Initially, the station will be used to fuel a modified Chevrolet Silverado on base that's been converted to run on a fuel-cell system.
Used for administrative purposes, the truck generates electricity by running hydrogen through a fuel cell stack, according to GM spokesman Barthmuss. When the hydrogen combines with oxygen, it creates electrons that generate an electric current, Barthmuss said.
The Silverado was tested by the Army at Fort Belvoir before it was transferred to the Marines at Camp Pendleton for further testing last year.
General Motors is working toward developing a fuel-cell system that can compete with internal combustion engines by 2010. Within the next decade, GM hopes to sell commercially viable vehicles in the showroom.
In the meantime, the company is pursuing various hybrid systems and just unveiled a hybrid sport utility vehicle in Detroit, Barthmuss said.
"By 2007 we will have three different hybrid systems on 12 of our most popular models," he said.
GM also produces 400,000 flex vehicles a year that can run on either regular unleaded gasoline or a fuel called E85 that runs on 85 percent ethanol and 15 percent gasoline.
Massachusetts-based Ztek Corp. will build the hydrogen fueling station at Camp Pendleton. The Navy and Ztek will share the construction costs.
Ztek has plans to build similar stations along Interstates 5 and 405 and state Route 73, according to Ztek President Michael Hsu. And the company is involved in similar projects in Northern California that would essentially connect Los Angeles to San Jose on the Hydrogen Highway Network, Hsu said.
Adding To The Mobility
Funk, who manages the Marine Corps fleets in the Southwest, said Camp Pendleton provides the concrete pad to operate the station and coordinates the availability of natural gas and electricity with San Diego Gas & Electric Co. Although the station will be mounted when placed on the pad, it has the flexibility to be moved to another site where utilities are available.

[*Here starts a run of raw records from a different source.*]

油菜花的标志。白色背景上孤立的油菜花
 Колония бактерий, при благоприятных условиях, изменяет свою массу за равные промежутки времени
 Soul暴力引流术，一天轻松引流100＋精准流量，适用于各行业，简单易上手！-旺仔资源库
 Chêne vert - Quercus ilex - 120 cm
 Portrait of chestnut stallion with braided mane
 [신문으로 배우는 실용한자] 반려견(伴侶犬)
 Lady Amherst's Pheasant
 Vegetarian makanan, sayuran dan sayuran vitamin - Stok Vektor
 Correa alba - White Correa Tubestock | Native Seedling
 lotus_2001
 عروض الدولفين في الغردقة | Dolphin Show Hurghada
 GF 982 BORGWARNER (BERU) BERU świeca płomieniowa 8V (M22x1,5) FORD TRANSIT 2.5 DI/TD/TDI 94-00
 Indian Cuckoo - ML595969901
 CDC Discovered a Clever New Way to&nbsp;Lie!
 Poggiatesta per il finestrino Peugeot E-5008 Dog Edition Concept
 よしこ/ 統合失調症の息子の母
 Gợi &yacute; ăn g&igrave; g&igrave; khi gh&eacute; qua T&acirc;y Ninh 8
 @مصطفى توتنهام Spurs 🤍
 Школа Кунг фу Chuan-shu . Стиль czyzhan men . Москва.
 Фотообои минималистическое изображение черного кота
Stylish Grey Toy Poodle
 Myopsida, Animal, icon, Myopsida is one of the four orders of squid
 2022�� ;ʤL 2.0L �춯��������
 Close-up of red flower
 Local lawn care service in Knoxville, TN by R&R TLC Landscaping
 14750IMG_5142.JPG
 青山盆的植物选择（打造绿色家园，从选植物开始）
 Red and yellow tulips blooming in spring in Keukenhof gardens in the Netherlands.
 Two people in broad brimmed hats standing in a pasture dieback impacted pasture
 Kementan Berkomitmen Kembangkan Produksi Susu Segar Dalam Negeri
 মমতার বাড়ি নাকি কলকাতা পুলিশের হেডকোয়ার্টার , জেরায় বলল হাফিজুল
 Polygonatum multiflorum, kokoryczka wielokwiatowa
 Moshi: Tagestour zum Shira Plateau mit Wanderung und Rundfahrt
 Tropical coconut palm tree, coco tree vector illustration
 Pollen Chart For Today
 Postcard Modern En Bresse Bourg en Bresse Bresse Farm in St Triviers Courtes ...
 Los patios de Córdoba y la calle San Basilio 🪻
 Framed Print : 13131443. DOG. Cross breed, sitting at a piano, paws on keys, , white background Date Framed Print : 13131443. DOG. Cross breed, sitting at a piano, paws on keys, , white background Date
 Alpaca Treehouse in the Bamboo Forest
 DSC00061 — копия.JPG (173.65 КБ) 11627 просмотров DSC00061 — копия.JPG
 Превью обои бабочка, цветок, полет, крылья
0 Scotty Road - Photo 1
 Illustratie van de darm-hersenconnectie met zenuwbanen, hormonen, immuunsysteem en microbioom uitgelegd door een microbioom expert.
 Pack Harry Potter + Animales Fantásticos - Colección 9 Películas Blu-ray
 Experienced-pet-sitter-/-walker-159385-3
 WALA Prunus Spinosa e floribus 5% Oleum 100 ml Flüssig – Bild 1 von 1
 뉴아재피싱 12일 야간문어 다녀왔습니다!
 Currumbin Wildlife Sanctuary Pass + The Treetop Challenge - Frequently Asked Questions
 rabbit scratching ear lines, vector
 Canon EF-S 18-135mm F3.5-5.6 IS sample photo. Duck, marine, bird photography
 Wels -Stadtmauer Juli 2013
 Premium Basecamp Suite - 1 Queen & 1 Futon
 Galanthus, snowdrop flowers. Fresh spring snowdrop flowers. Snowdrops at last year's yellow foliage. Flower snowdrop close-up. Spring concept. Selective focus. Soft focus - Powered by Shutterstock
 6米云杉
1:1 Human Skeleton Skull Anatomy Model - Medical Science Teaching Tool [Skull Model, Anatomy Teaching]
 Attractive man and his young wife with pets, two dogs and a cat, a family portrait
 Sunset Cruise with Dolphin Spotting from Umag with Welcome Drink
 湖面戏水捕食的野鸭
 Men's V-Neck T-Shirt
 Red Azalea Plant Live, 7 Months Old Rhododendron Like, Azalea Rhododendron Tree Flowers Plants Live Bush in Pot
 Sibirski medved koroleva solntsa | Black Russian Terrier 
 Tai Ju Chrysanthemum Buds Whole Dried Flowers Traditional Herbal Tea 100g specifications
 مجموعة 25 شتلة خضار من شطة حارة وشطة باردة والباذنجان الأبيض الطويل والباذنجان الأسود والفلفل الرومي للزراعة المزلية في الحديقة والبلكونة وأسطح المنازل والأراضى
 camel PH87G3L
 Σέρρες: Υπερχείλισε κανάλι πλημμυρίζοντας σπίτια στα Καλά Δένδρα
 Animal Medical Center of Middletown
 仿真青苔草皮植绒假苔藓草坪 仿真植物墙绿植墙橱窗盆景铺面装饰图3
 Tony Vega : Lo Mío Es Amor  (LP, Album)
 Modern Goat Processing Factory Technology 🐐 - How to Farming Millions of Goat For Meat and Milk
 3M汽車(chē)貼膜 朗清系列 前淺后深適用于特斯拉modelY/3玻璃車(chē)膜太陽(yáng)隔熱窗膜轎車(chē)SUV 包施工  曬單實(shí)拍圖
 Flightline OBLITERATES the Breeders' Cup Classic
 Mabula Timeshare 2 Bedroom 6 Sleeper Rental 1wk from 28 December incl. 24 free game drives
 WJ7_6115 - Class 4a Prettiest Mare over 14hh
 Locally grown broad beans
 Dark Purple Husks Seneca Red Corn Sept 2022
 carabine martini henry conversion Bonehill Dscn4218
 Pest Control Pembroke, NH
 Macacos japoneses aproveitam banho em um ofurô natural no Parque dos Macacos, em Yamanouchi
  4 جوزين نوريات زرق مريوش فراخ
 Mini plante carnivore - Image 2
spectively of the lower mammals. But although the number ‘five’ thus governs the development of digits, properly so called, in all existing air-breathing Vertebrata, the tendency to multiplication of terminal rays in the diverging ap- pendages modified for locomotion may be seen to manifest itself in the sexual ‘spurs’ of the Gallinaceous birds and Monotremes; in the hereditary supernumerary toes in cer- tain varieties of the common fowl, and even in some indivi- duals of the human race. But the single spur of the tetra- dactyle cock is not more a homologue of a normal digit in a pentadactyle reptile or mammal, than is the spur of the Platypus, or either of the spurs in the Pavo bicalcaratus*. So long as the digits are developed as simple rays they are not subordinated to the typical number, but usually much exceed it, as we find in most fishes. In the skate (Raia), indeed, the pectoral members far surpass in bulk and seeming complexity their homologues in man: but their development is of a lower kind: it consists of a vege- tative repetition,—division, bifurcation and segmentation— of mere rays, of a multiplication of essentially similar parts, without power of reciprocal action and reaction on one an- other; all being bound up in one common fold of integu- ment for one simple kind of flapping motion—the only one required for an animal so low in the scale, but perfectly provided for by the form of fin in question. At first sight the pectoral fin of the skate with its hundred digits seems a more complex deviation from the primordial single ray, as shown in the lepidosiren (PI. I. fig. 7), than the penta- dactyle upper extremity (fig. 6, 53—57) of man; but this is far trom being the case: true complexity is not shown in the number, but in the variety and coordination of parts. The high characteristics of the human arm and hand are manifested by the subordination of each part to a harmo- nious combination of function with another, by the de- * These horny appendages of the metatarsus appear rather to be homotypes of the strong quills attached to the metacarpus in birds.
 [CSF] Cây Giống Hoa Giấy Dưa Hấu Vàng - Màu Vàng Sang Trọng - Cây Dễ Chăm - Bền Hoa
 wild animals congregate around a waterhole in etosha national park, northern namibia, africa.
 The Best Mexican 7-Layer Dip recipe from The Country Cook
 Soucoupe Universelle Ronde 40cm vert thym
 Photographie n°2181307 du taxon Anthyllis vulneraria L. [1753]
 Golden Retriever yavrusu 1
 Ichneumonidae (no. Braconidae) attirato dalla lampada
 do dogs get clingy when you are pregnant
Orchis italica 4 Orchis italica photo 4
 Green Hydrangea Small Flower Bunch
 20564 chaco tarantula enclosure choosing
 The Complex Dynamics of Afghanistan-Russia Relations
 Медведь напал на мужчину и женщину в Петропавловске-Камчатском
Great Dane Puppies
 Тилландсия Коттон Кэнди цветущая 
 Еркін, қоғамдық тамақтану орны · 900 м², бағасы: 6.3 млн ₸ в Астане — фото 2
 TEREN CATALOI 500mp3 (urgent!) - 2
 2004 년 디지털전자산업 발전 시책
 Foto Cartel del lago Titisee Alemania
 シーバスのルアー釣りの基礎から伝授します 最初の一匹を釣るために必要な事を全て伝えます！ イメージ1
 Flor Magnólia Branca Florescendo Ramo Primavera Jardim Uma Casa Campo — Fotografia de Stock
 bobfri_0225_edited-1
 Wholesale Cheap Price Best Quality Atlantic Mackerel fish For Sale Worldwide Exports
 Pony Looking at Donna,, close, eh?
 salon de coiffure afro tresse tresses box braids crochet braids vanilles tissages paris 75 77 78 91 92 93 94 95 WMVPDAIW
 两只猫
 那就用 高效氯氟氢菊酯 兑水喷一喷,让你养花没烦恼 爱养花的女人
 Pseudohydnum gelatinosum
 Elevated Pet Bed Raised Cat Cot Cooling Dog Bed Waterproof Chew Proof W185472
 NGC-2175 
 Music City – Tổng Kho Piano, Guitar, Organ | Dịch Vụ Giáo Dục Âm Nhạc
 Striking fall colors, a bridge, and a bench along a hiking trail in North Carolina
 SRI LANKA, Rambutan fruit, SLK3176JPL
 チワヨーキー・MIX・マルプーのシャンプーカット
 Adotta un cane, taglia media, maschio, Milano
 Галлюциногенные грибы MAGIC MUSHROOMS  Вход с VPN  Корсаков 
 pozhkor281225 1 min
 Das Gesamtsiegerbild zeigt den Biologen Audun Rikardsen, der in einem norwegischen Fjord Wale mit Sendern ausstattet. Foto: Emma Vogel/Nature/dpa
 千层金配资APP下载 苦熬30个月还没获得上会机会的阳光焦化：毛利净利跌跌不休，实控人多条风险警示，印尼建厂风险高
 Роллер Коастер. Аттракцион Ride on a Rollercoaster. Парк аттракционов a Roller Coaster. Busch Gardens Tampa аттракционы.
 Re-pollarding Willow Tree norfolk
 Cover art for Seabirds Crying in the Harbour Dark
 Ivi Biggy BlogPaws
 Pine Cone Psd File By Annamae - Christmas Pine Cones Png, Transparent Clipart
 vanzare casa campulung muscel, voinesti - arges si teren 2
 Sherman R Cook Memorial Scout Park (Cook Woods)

"It's not like a gas station with 10,000-gallon tanks buried underground," Funk said. "There are leak detectors on this, but they're built into the system so when you move the module, everything goes with it."
The Camp Pendleton station will be able to produce 30 kilograms of hydrogen per day and have the capacity to store 60 kilograms. Funk said they'd like to be able to expand the pressure inside the storage tanks from 5,000 to 10,000 pounds per square inch at some point to enable the vehicles to drive longer distances. At 5,000 psi, the cars can be driven about 130 miles before refueling. At 10,000 psi, the cars can be driven about 70 miles more.
"The more volume you have, the further you can go," he said.
Safety has been a big concern in locating a hydrogen fueling station at Camp Pendleton, and almost a year was spent studying the environmental impacts. Funk said the study involved fire and safety departments, archaeological and historic groups, and nearby communities were notified.
The U.S. Department of Energy's National Environmental Policy Act Program was involved in the studies. Funk said its studies concluded that a person exposed to a hydrogen blast standing 50 feet away would probably be picked up and thrown to the ground. The impact of a blast from a distance of 300 feet would be enough to crack a window, he said.
Funk said an explosion at a gasoline station with liquid fuel stored underground would be greater than an explosion caused by 100 kilograms of hydrogen.
"That (hydrogen) would dispense in the atmosphere so quickly the damage would be minimal compared to a gasoline station," Funk said. "Everyone involved in this is completely comfortable that this is a safe thing and the right thing to do."